After I had a solid foundation in recovery, I began looking for a new job. FA friends helped me learn to use the computer, and they gave me tips on job seeking, interviewing, and dressing for success. They supported me through the ups and downs of an 11-month-long job search. I have been at my current position for over four years. It is a weighed and measured job that I am very well-suited to do. As I told one of my co-workers once, “Every day is a delightful surprise.” I feel challenged and appreciated there, and all of my co-workers support my abstinence. I took a pay cut when I came to this job, but the fear of financial insecurity has left me.

Three months ago, I experienced a very difficult series of events. My older son moved out on a Saturday, his dog (our family pet) died on Sunday, and my son started a new semester at college Monday, where he was two-and-a-half years into a five year program. Three days later my mother had a stroke, and she died a few days after that. I felt like I’d lost my baby, I was grieving for my son for losing his baby, and then I lost my mother. My older son has since dropped out of college and is having a difficult time financially.

It was at this point that I understood the concept of allowing the program to carry me. An FA friend brought me an abstinent meal so I would not need to leave her bedside. I received calls of support and sympathy cards, and several FA friends even came to mom’s calling hours and memorial service. My first sponsor provided my dinner for me after the service and my current sponsor drove in with her husband from out of state to support me. It has been a tough couple of months. I miss my mom and am not looking forward to my first Christmas without her. Everything about Christmas reminds me of her.

Good things are happening, too, though. My husband has been working for the past seven years, after being out of work for two-and-a-half years. My younger son has found a great job working with developmentally disabled adults and is doing well in his second year of college. He was 12 when I came to FA and does not remember me being overweight and obsessed with food. I have been in several AWOLs over the years. Working the 12 Steps helped me to be able to treat my mother with respect, patience, and kindness, and it improve my relationship with my sons and my husband. I know that one day at a time; I can face the ups and downs of life without any extra food.

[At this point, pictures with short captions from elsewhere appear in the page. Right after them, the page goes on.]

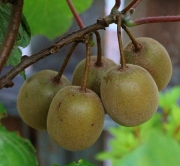 644e4646.jpg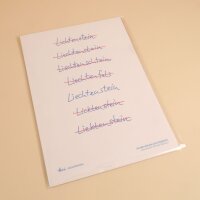 Hoi-Poster A4 – "Nur ein Liechtenstein"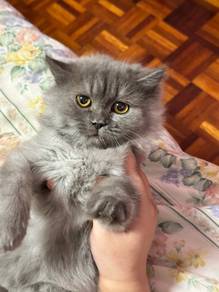 BSH Mixed Kitten (BLH)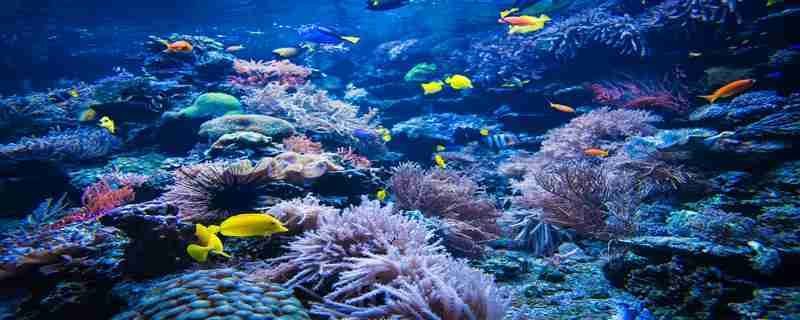 水族館能干嘛（水族館是一個展示和研究水下生物的場所，水族館如何提升環(huán)保意識）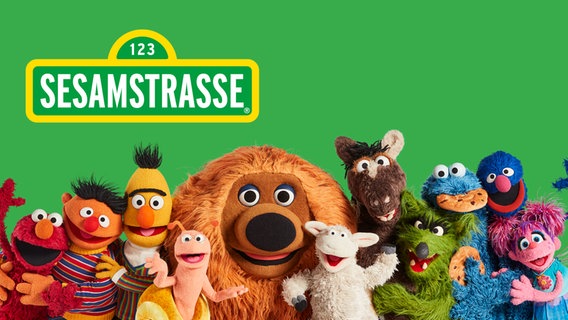 Gruppenbild der Sesamstraßen-Bewohner © NDR/Sesame Workshop 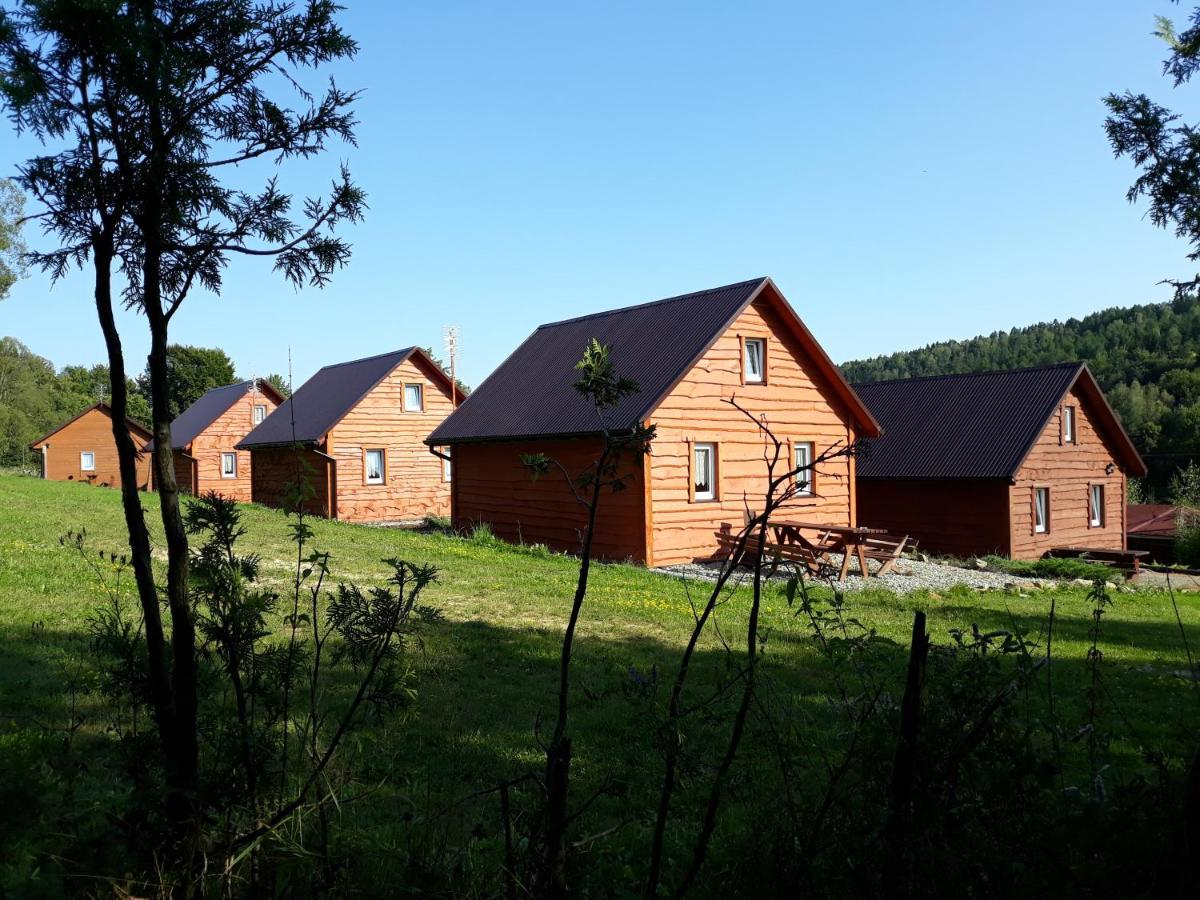 U Zrodel Strwiaza Villa Ustrzyki Dolne Exterior foto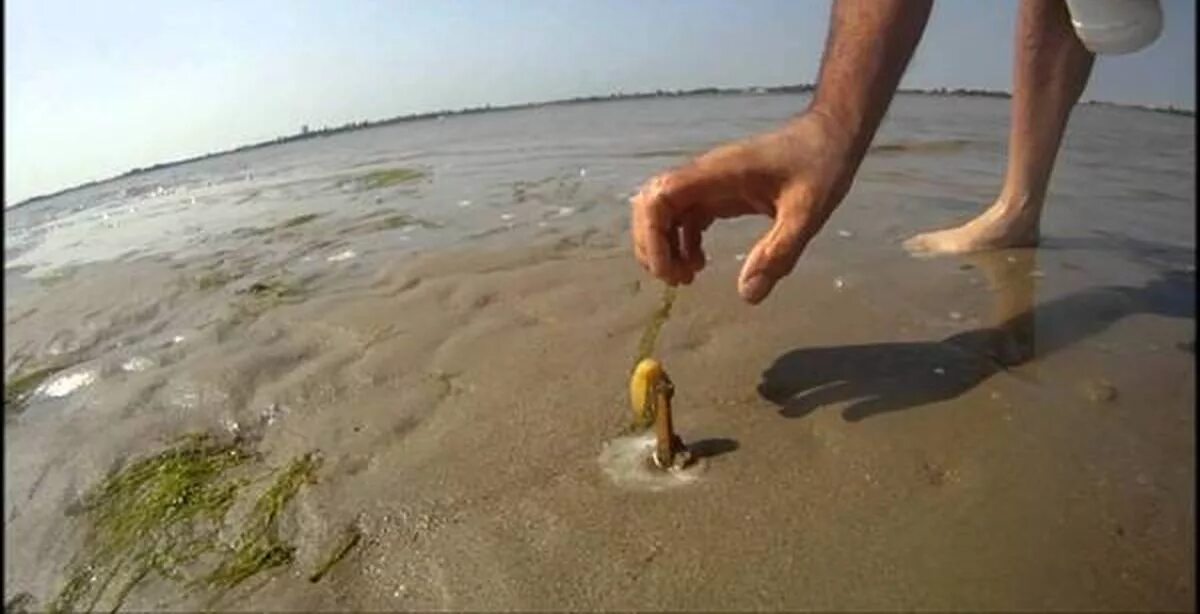 Черви в песке. Razor Clams - морской черенок. Рыбы торчат из песка. Черви которые живут в песке.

I have been abstinent for almost eight years and am maintaining a 95-pound weight loss. I love living in a “right-sized” body. Every morning, when I get down on my knees to pray, I am still amazed that I have had another abstinent day. I love waking up abstinent with no regrets about what I ate the day before. I realize that abstinence is a gift from God. If I give that gift back, I have no reason to believe I will get it again. I don’t want to go back to the “food hell” where I lived for decades. I treasure my abstinence and feel so grateful for the recovery that has been shared with me, so generously, by other members in FA.